Whistler, James Abbott McNeill

Description: James Abbott McNeill Whistler (AMERICAN, 1834-1903) LITHOGRAPH, C. 1890, H 9.75″, W 6″, “GANTS DE SUEDE” Depicting a woman in late nineteenth century dress and a hat. Having an impressed chop mark. Butterfly mark in the stone. Matted.

James Abbott McNeill Whistler (July 11, 1834 – July 17, 1903) was an American artist active during the American Gilded Age and based primarily in the United Kingdom. He was averse to sentimentality and moral allusion in painting, and a leading proponent of the credo “art for art’s sake”. His signature for his paintings took the shape of a stylized butterfly possessing a long stinger for a tail. The symbol combined both aspects of his personality: his art is marked by a subtle delicacy, while his public persona was combative. He found a parallel between painting and music and entitled many of his paintings “arrangements”, “harmonies”, and “nocturnes”, emphasizing the primacy of tonal harmony. His most famous painting Arrangement in Grey and Black No. 1 (1871), commonly known as Whistler’s Mother, is a revered and often parodied portrait of motherhood. Whistler influenced the art world and the broader culture of his time with his theories and his friendships with leading artists and writers.

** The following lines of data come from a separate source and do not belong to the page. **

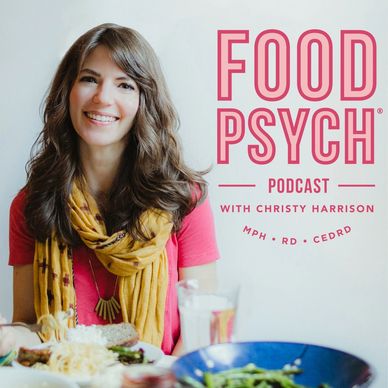 Woman smiling at the camera with words Food Psych.
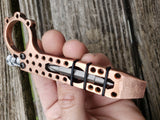 1/4 Thick Copper The Ring Perforated EDC Pocket Pry Bar Multi-tool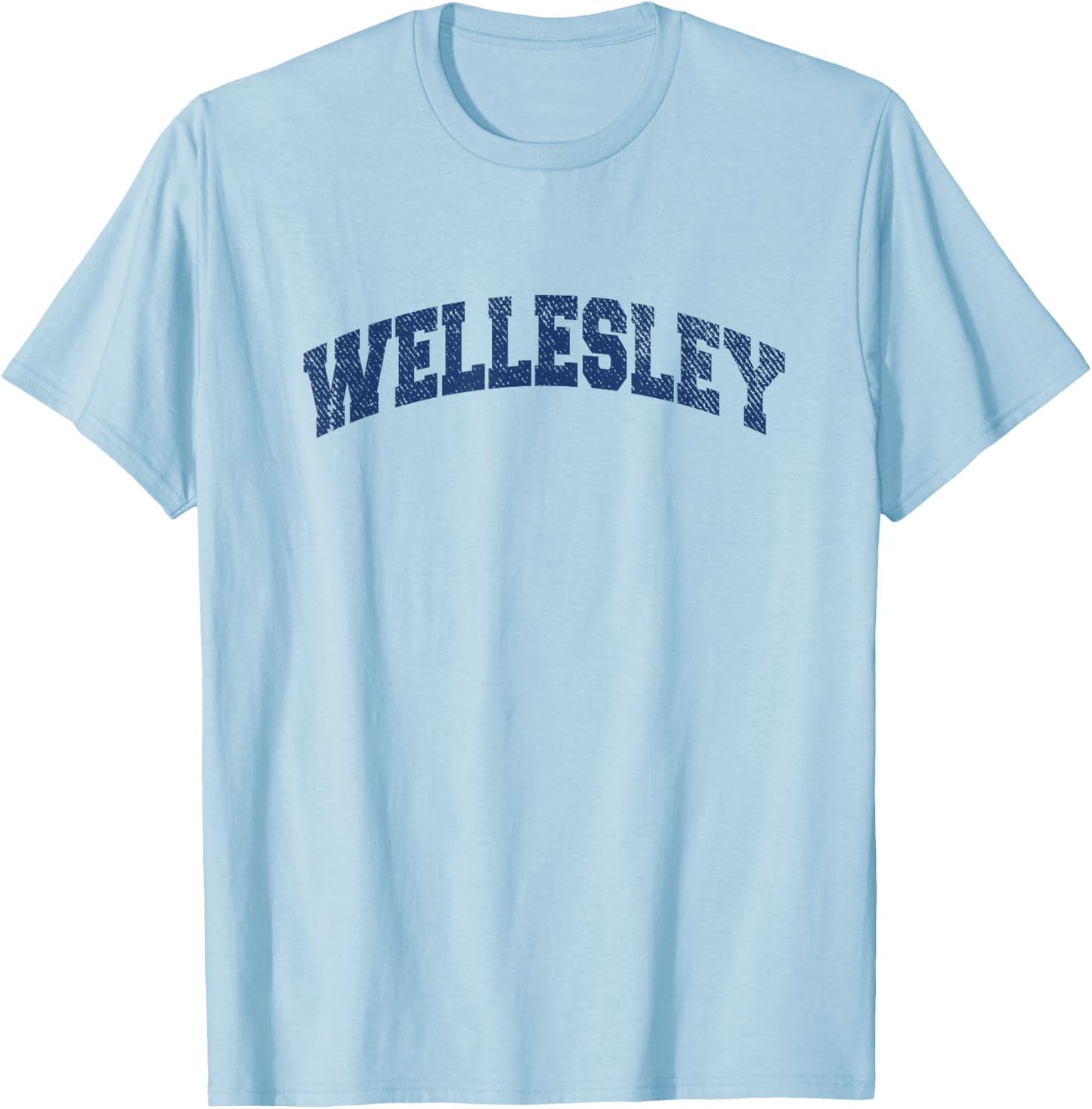 Wellesley Massachusetts Varsity Style Vintage Grey T-Shirt - T-Shirt | Light Blue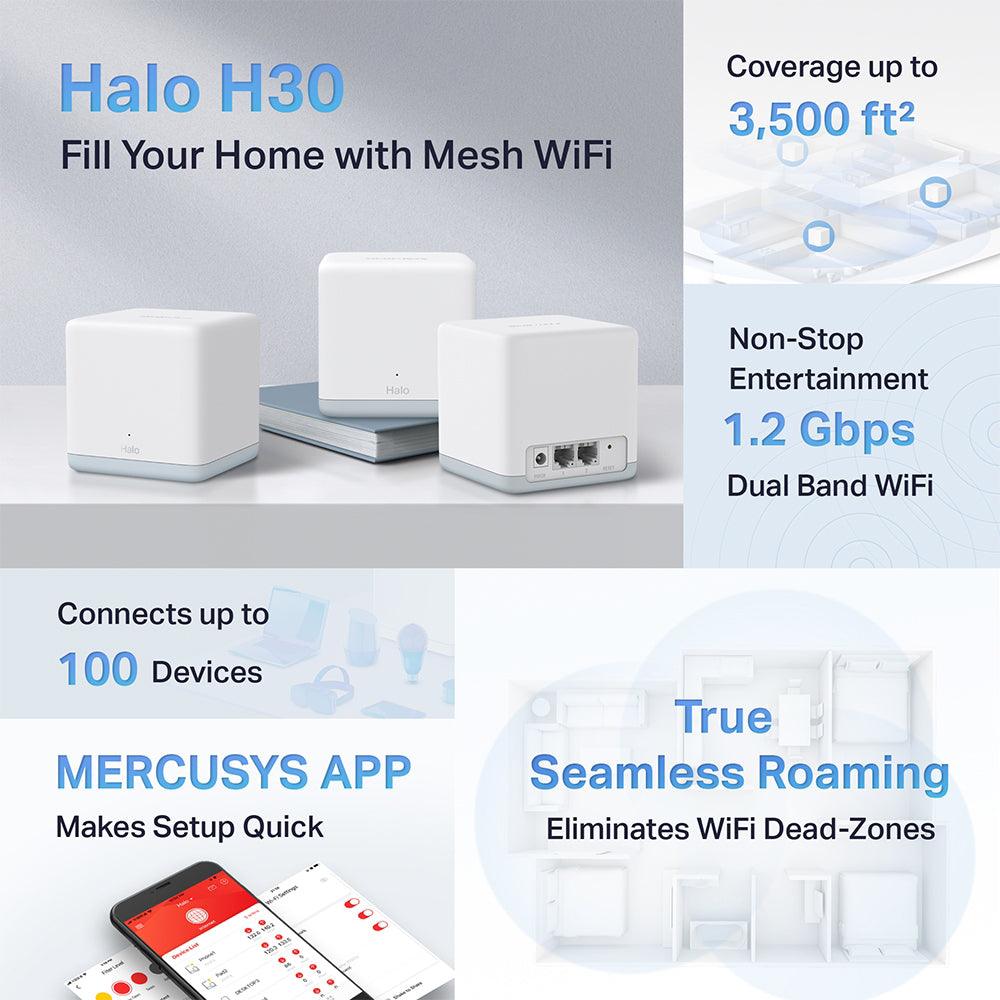 Mercusys Halo H30 AC1200 Whole Home Mesh Wi-Fi System 1200Mbps (3 Pack)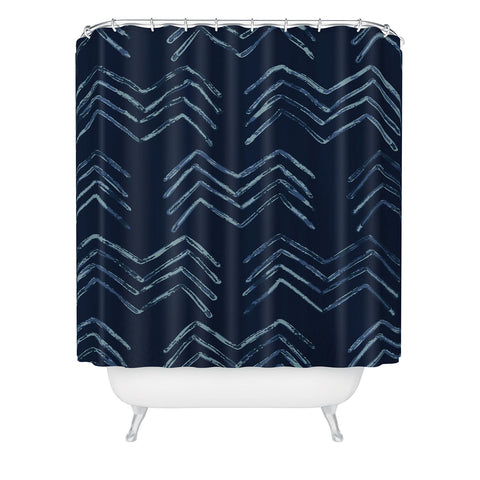 PI Photography and Designs Tribal Chevron Navy Blue Shower Curtain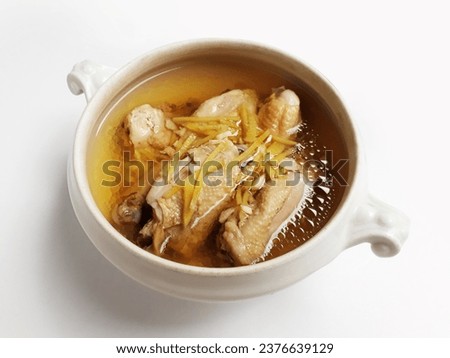 Similar – Image, Stock Photo Served chicken soup with carrot and zucchini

Honors, Whistler achieved worldwide recognition during his lifetime:

1884, elected an honorary member of the Royal Academy of Fine Arts in Munich.
1892, made an officer of the Légion d’honneur in France.
1898, became a charter member and first president, International Society of Sculptors, Painters and Gravers.
A statue of James McNeill Whistler by Nicholas Dimbleby was erected in 2005 at the north end of Battersea Bridge on the River Thames in the United Kingdom.